Job description / Role
The Information Security Officer (ISO) will serve as the focal point for security compliance related activities and responsibilities. The ISO is generally responsible for obtaining or developing the IT Department policies and procedures, reviewing the conduct of those assigned to specific security duties, as well as administering the reviews relating to the overall security program. Conduct and implement all security audits and tasks of the risk and threat plan in accordance with standards policies and procedures, to ensure that the integrity, confidentiality and availability of information is not compromised across the Entity.
ISO need to ensure that appropriate security measures are in place, properly maintained, administered and ensures that the Company's systems are protected against external or internal threats, attacks or attempts to penetrate the defense of the network. The ISO will also be responsible in ensuring that training programs are conducted to enhance the general security awareness for the business users.
• Assist in the implementation and enforcement of the ISMS (Information Security Management Systems)
• Carries out checks and audits on security devices such as firewall, IDS, VPN, etc. to ensure compliance to policies and standard
• Conducts active internal penetration tests; discover vulnerabilities in information systems
• Provide periodic reporting on information security issues to IT Manager.

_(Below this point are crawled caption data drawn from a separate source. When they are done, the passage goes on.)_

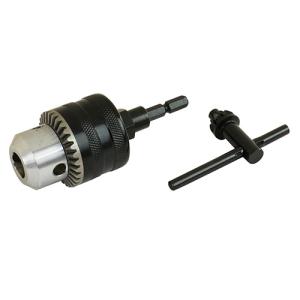 SK11 鷲掴み ドリルチャック キーレス 噛み込み軽減スクエアロック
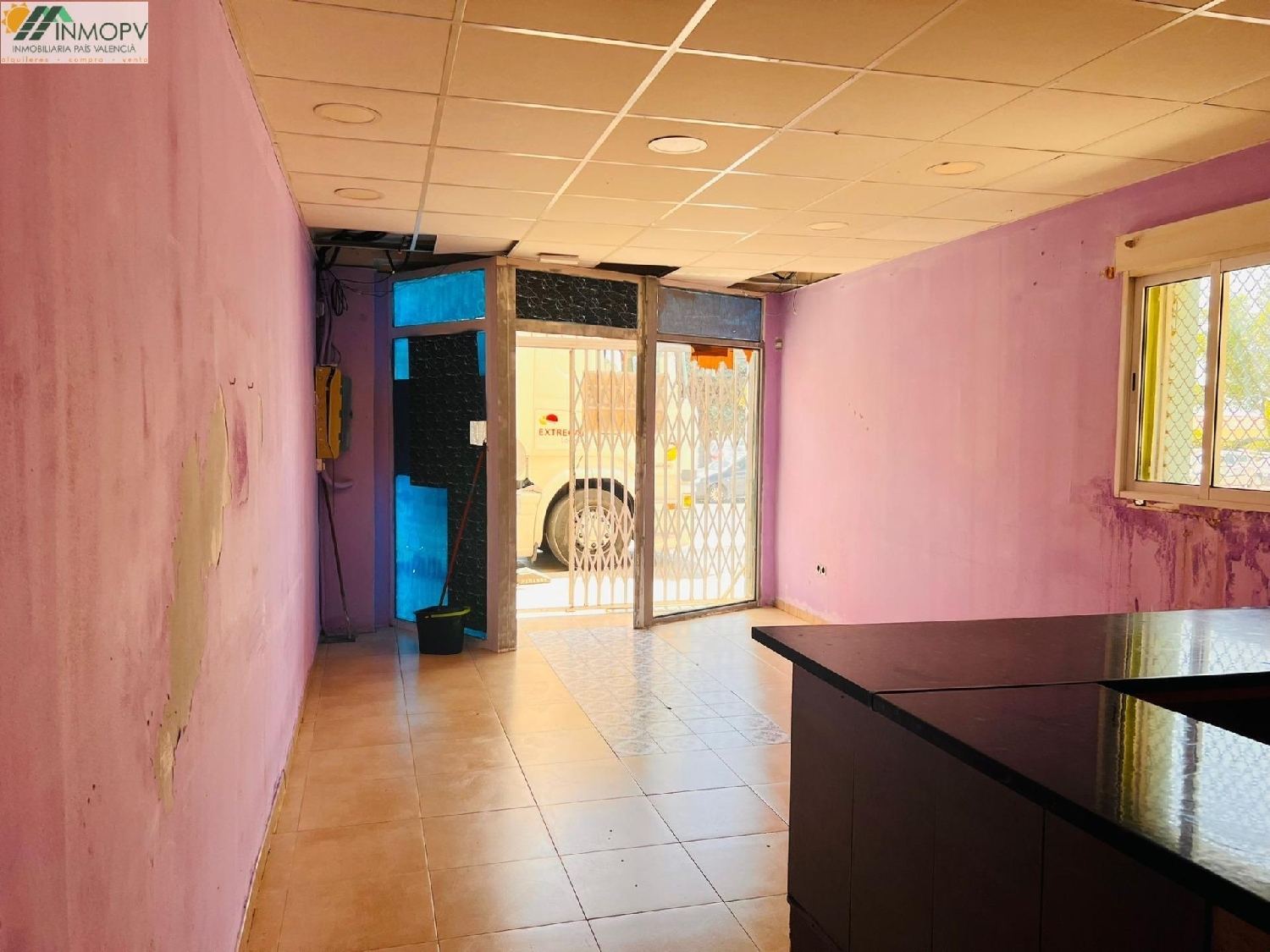 till salu lokal Vinaros Baix Maestrat 3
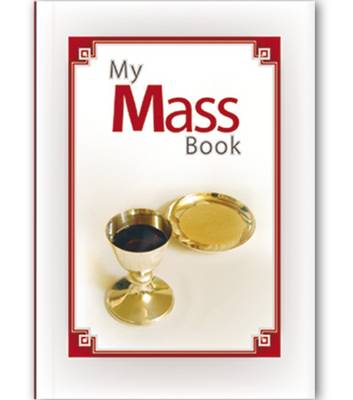 My Mass Book - 9781904785606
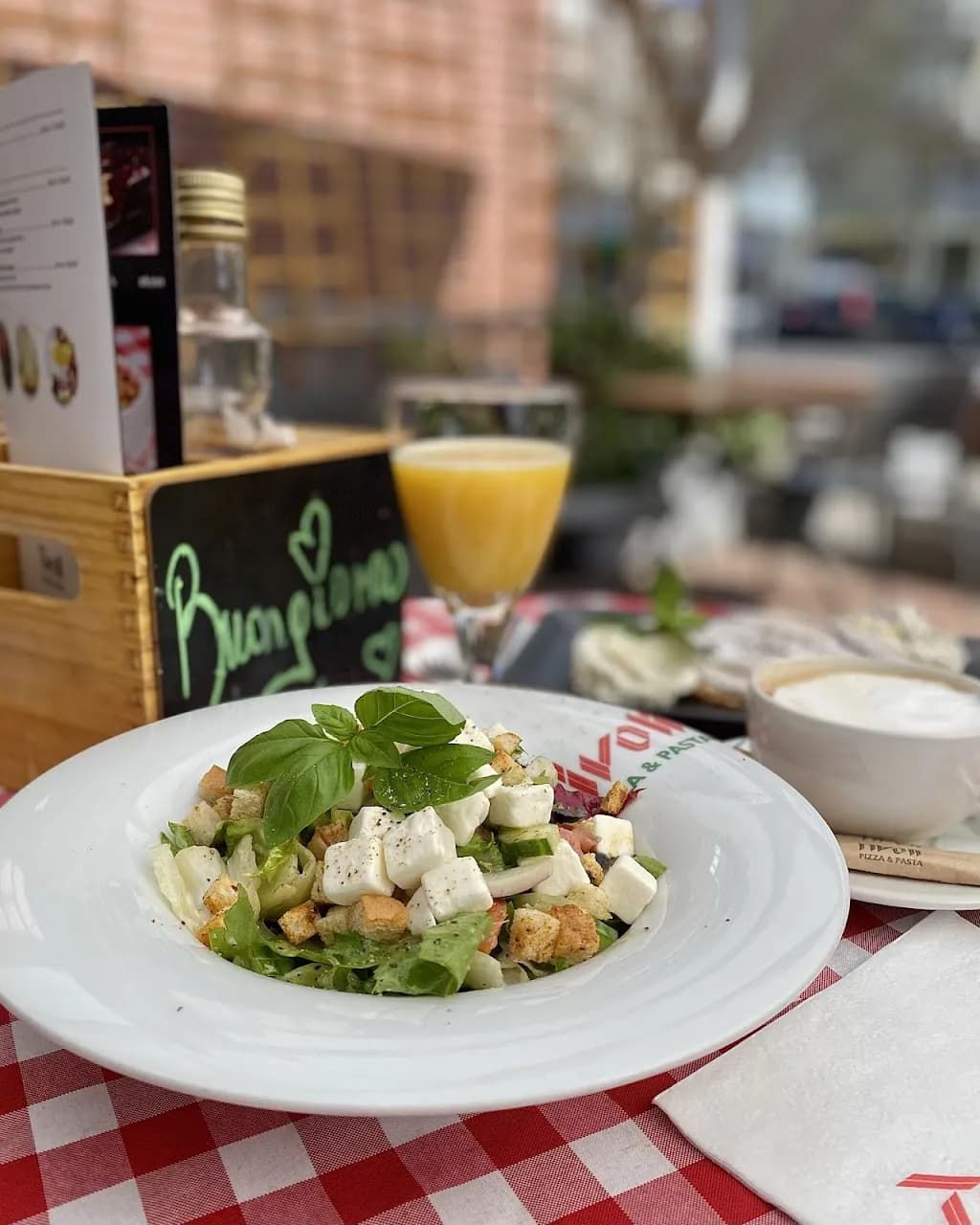 Pizzeria Tivoli - Grunwald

• Participate in identifying, assessing and analyzing security risks, threats, gaps and vulnerabilities of the information
• Participate in the implementation of corrective measures in accordance with local and international standards and security policies National information
• Planning, implementing, designing and reviewing security policies, procedures, guidelines and technical standards Which ensures protection against threats to information systems
• Act as a specialist in security solutions and in complex tasks.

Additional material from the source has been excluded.